House to Consider Abolishing CFPB, CDFI Program
Votes will focus on amendments to FY24 Financial Services spending bill.
The House will consider proposals to eliminate the CFPB and the CDFI program when it considers the FY24 Financial Services Appropriations bill—most likely later this week.
The House Rules Committee on Tuesday approved, 9–3, a rule governing floor debate for consideration of H.R. 4664, the annual appropriations bill that funds financial services programs. In approving the rule, the committee decided which of the 288 amendments submitted will be considered on the floor.
The panel set aside ten minutes for debate on an amendment proposed by Rep. Glenn Grothman, R-Wis., that would eliminate the CDFI program. The appropriations bill already would cut $45 million from the FY23 funding level of $324 million.

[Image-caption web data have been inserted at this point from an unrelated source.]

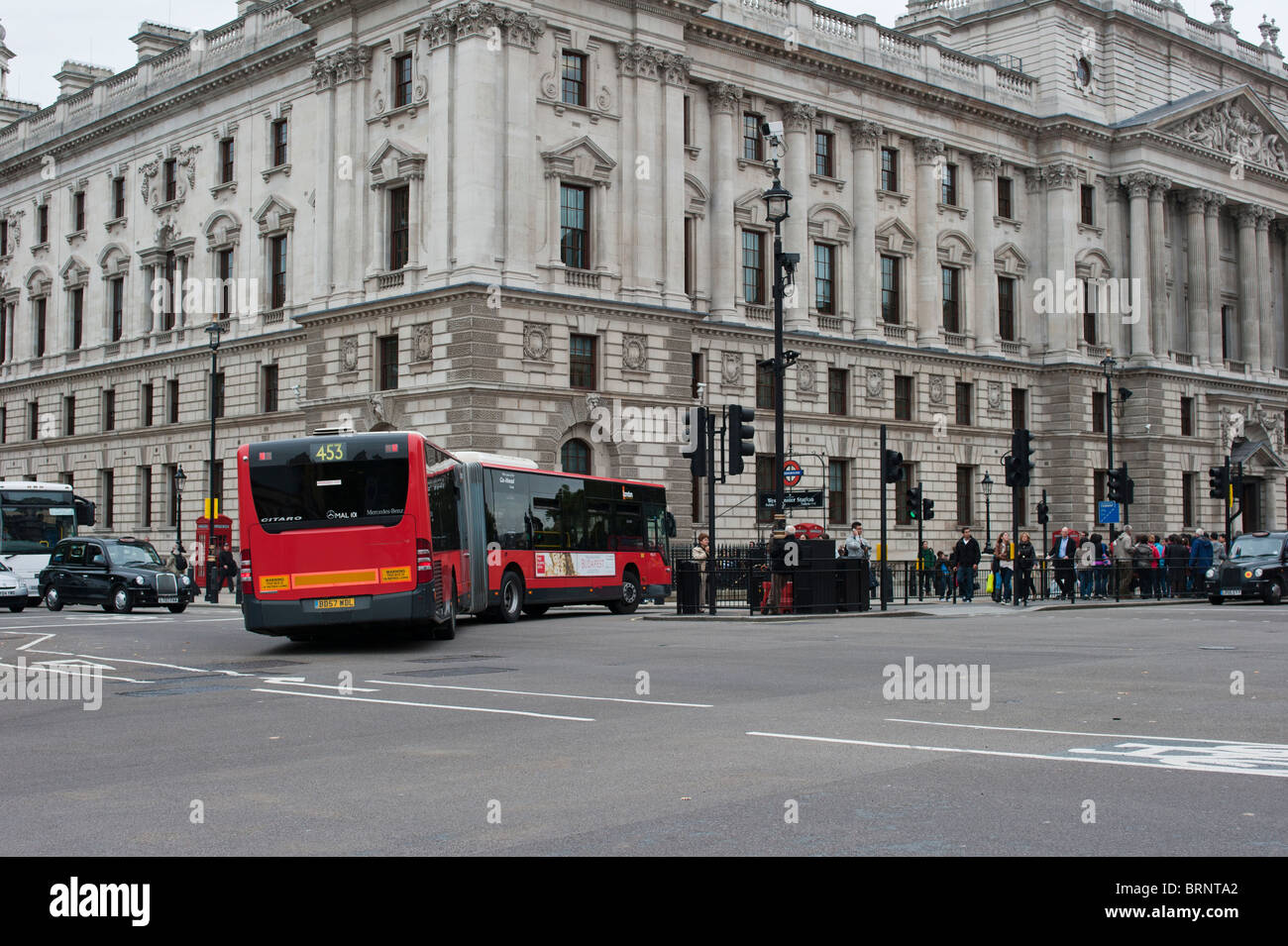 Transport für London rot kurvenreich Bus, um die Ecke vom Parliament Square in Whitehall Stockfoto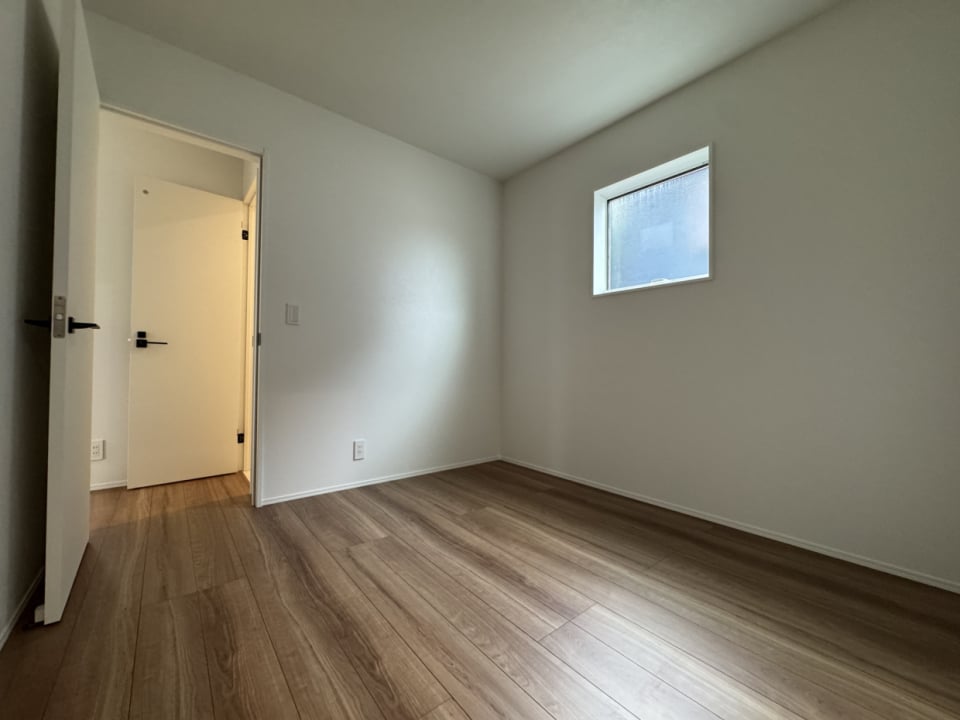 1階にある部屋。玄関から直接入室できるので、応接室的な感じで使っていただけます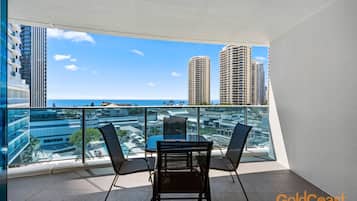 Apartamento, vistas a la piscina | Balcón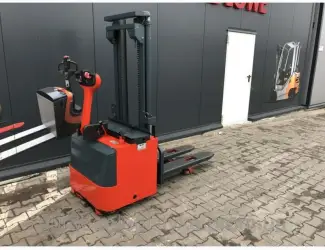 Зображення для оголошення Штабелер электрический LINDE L 14 1, 4т 2, 8м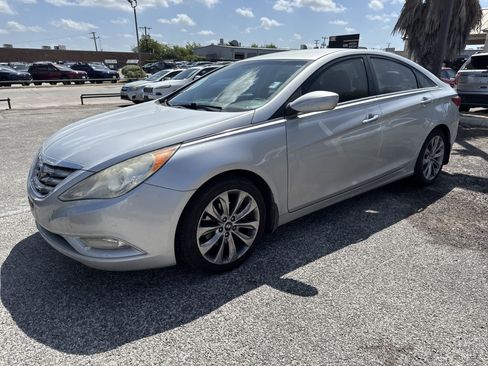 Used 2013 Hyundai Sonata SE FWD image 7
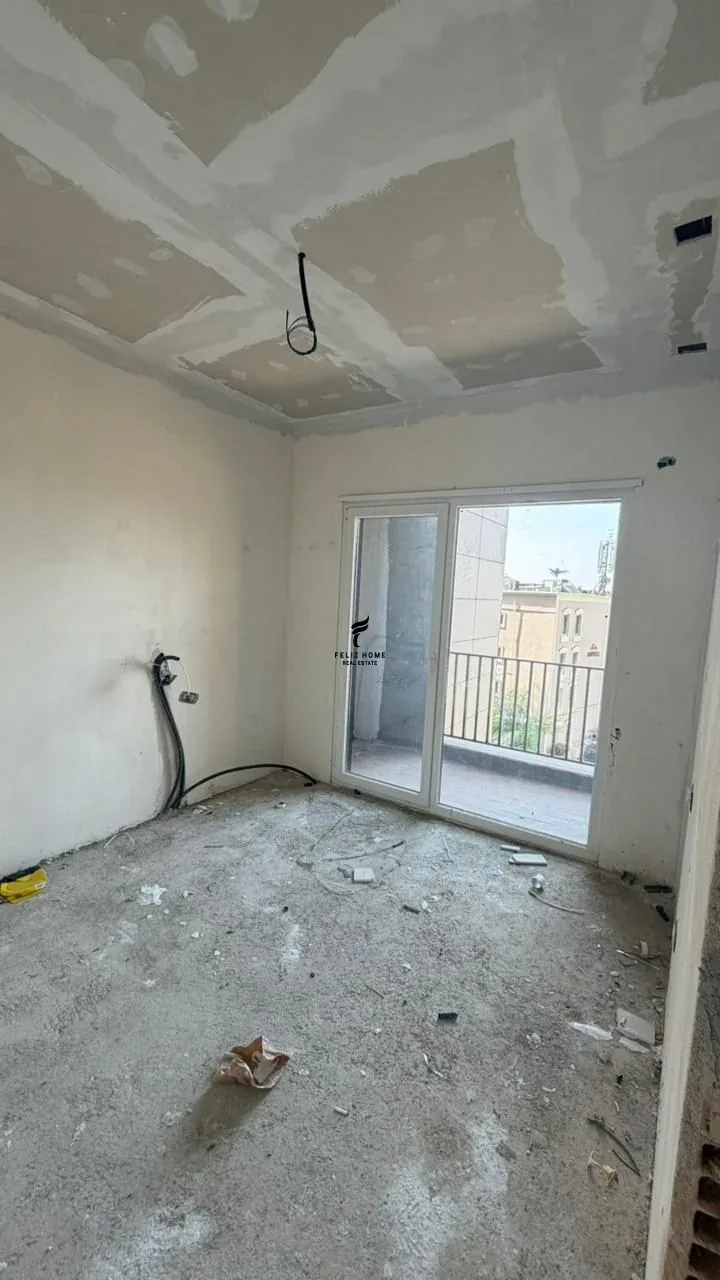 SHITET APARTAMENT 1+1 RRUGA E KAVAJES 125.000 EURO 4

The House also will spend ten minutes debating a proposal by Rep. Scott Perry, R-Pa., that would eliminate all funding for the CFPB. Even without that amendment, the House bill would transform the agency from one run by a single director to one run by a five-member commission, as well as subject the agency to the annual appropriation process.
House Financial Services Appropriations Subcommittee Chairman Rep. Steve Womack, R-Ark., outlined the philosophy behind H.R. 4664, telling the Rules Committee, “The pursuit of a job-killing, burdensome, and unnecessary regulatory agenda only serves to further bloat a federal bureaucracy that has become too big, too intrusive, and counter-intuitive to limited government.”
Even if the House approves those amendments to the appropriations measure, supporters of the programs in the Senate will have sufficient votes to exclude them from a Senate bill.
That would mean the issues would be addressed in a House-Senate conference.
The House bill does not, however, include controversial credit card interchange provisions that some Senators have been pushing.
Adding to the uncertainty, the Biden Administration has issued a Statement of Administration Policy saying that the president would veto the House bill if presented to him in its current form.
Addressing the CDFI cuts in the House bill, the administration said, “This reduction would decrease financial assistance and technical assistance awards to certified and emerging CDFIs, reducing economic opportunity in economically distressed communities, including rural and urban areas.”
And the administration made it clear that it opposes plans to convert the CFPB into a commission and fund it through the annual appropriations process, stating, “The Dodd-Frank Act established the CFPB as an independent agency and provided for permanent funding.”
What Comes Next?
Congress has not enacted any of the FY24 appropriations bills. It currently is operating under a Continuing Resolution (CR) that is funding much of the government through Nov. 17. If Congress does not pass additional legislation, many federal agencies would be forced to temporarily close.
The NCUA and CFPB are not subject to the annual appropriation process, so neither agency would shut its doors.
However, the National Flood Insurance Program is temporarily reauthorized in the CR and if additional authorization is not enacted, program administrators would not be able to write new flood insurance policies.